- _YOUR TASK_
The whole listing is to be restated word for word with no images.

- _DATA BLOCK_
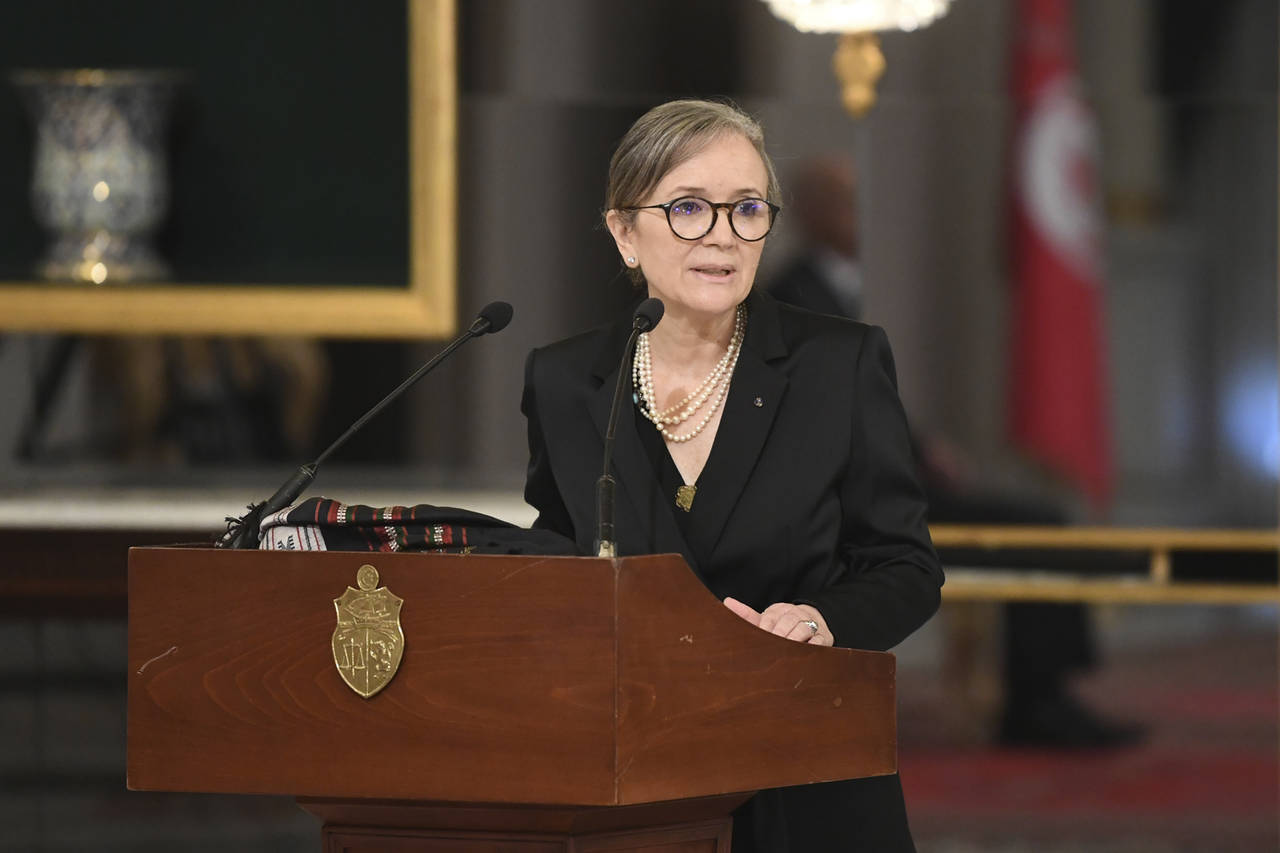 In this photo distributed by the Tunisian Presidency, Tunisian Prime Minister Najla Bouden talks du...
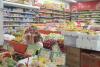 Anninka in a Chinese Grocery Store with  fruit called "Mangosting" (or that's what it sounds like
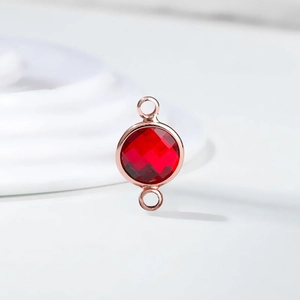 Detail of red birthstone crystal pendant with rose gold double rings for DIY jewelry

- _ANSWER FOR THIS EXERCISE_
 In this photo distributed by the Tunisian Presidency, Tunisian Prime Minister Najla Bouden talks du...
 Anninka in a Chinese Grocery Store with  fruit called "Mangosting" (or that's what it sounds like
 Detail of red birthstone crystal pendant with rose gold double rings for DIY jewelry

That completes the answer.